Aim of the task: Start the copy at the line holding "National style medium" and continue it exactly through the last line of the entries, leaving out pictures and anything else.
Segment Start: Information shown
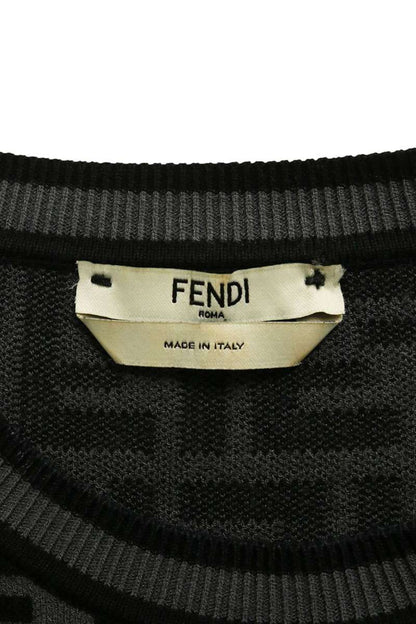 Fendi FF Monogram Knit Top Black/Grey Size 36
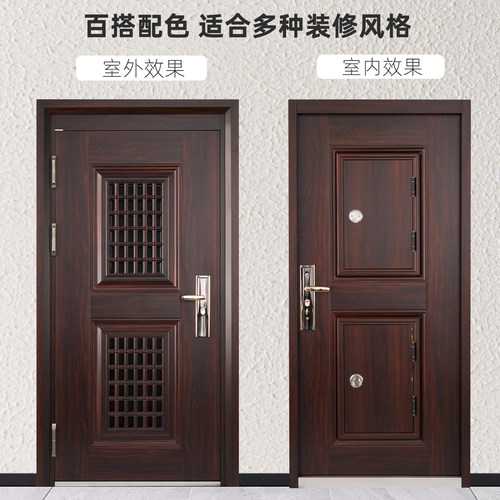 甲级上下通风防盗门门中门 安全门钢质门C级锁芯指纹锁入户透气门 - 图3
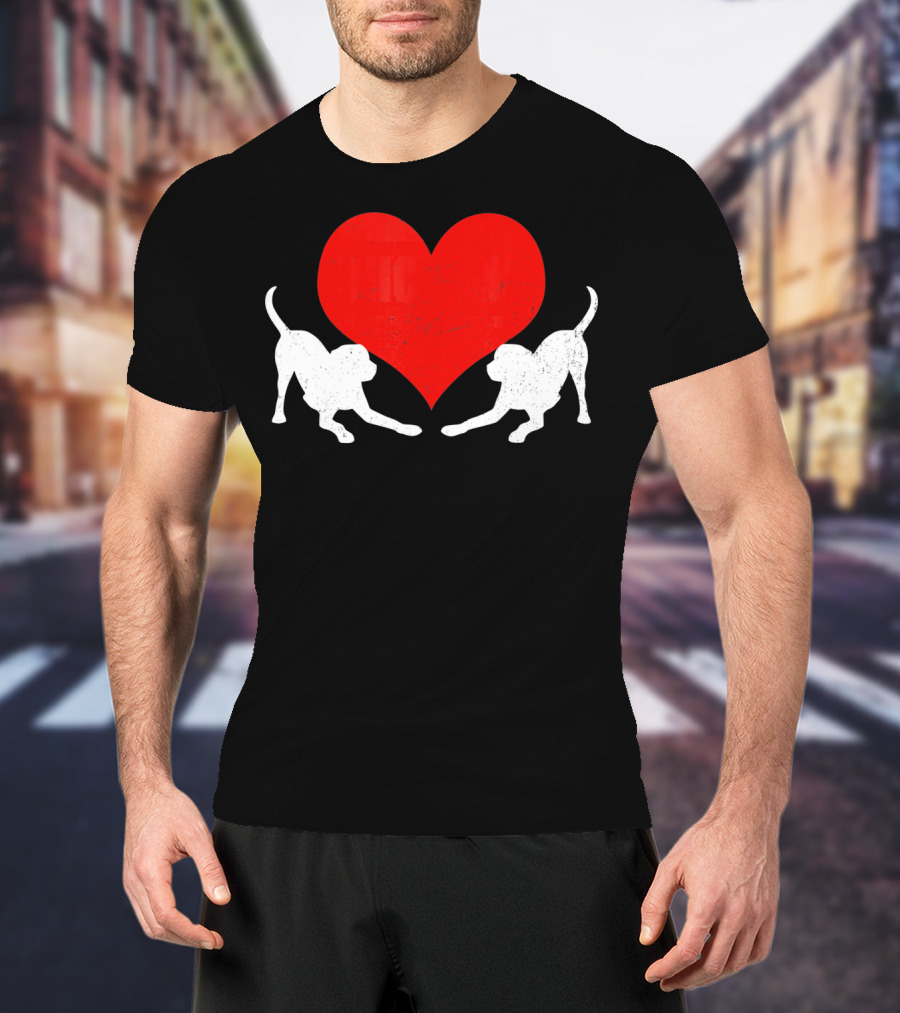 Valentine's Day Black Mouth Cur With Heart T-Shirt
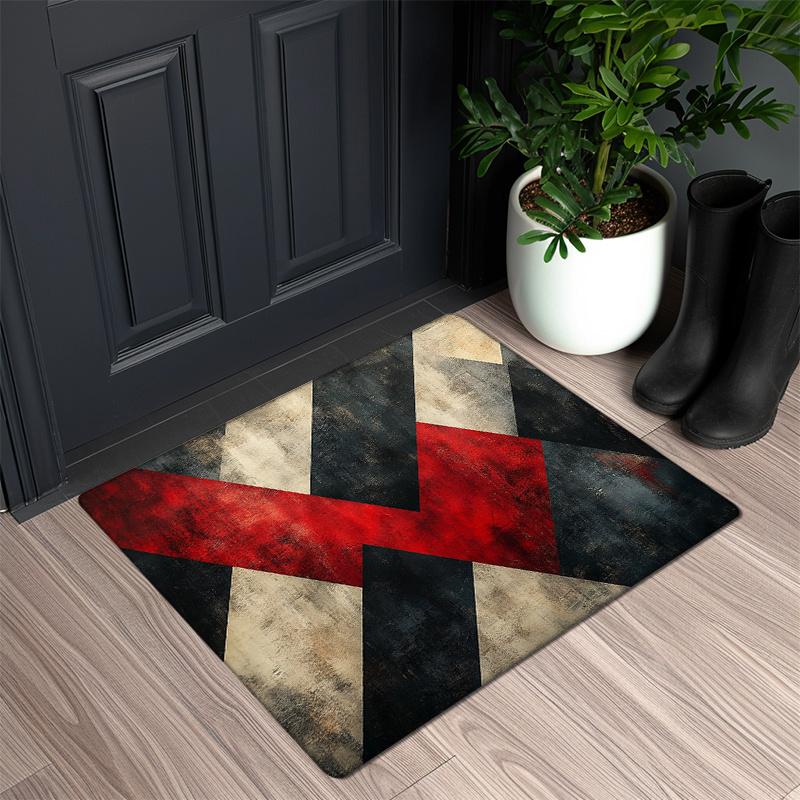 1pc Modern Geometric Flannel Sponge Mat - Non-Slip, Washable Kitchen Floor Mat with Black, White, and Red Geometric Patterns, Pe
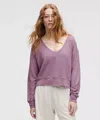 Lululemon Becalm Scoop-neck Pullover In Purple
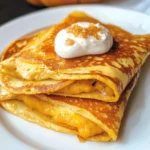 Pumpkin Crepes with Maple Cream Cheese Filling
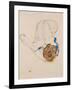 Nude with Blue Stockings, Bending Forward, 1912-Egon Schiele-Framed Giclee Print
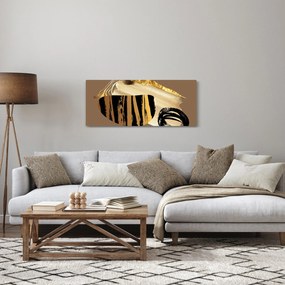 Obraz - Abstrakcia golden brown N⁰2 (120x50 cm)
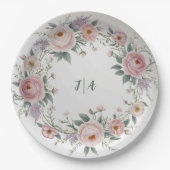 野エレガント花花結婚柄 ペーパープレート (正面)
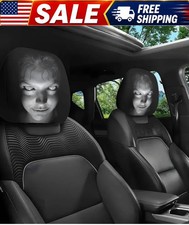 2pcs Car Scary Mask Face Headrest Cover Costume Front Seat Protector Decoration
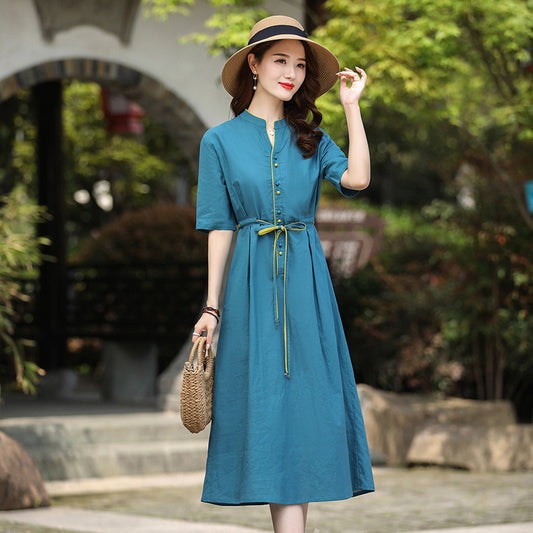 National style medium and long temperament dress  summer new fashion waist thin breathable long skirt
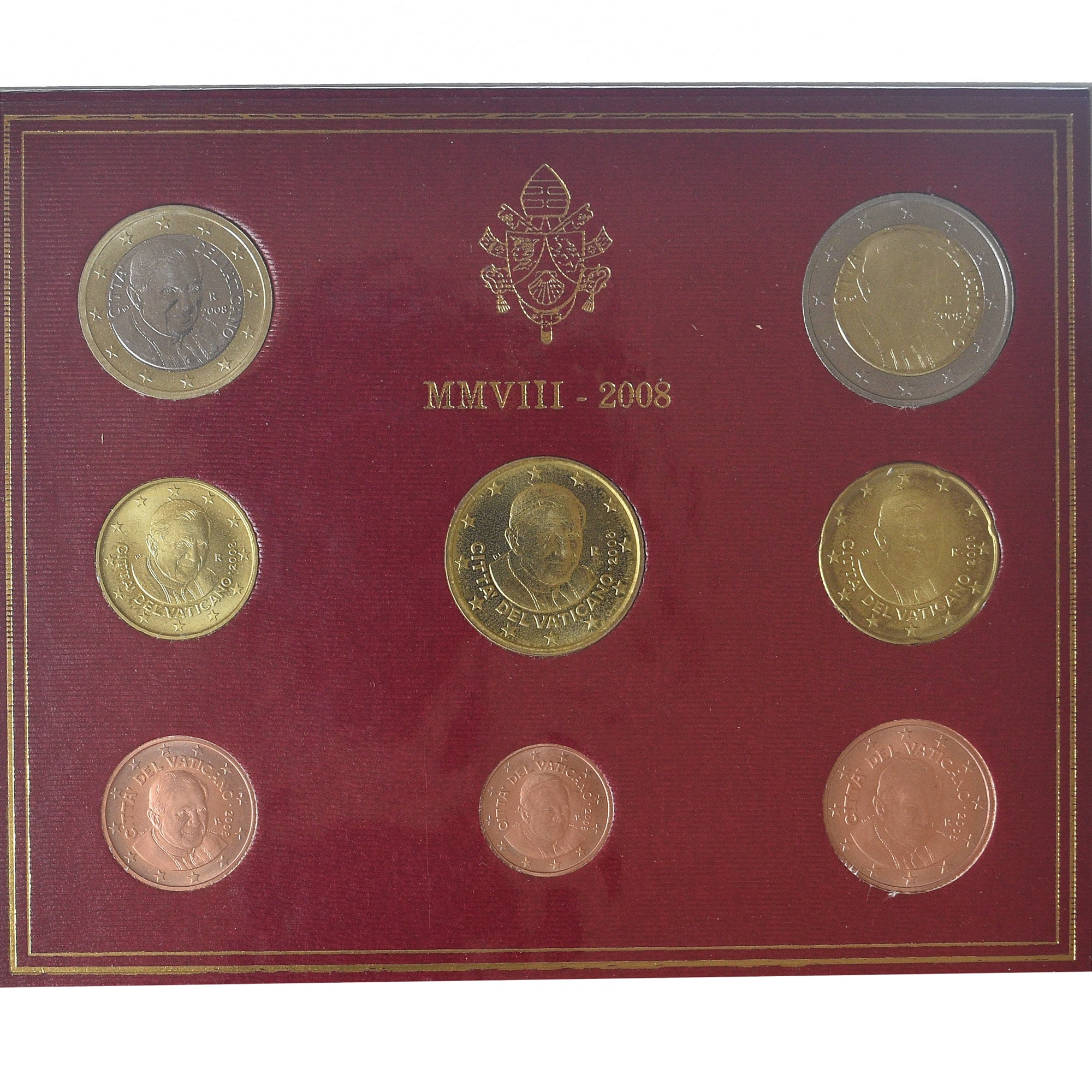 Vatican, Pape Benoit XVI, Set 1 ct. - 2 Euro, 2008, Rome, MS(65-70)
Segment End: Information shown
Task output:
 National style medium and long temperament dress  summer new fashion waist thin breathable long skirt
 Vatican, Pape Benoit XVI, Set 1 ct. - 2 Euro, 2008, Rome, MS(65-70)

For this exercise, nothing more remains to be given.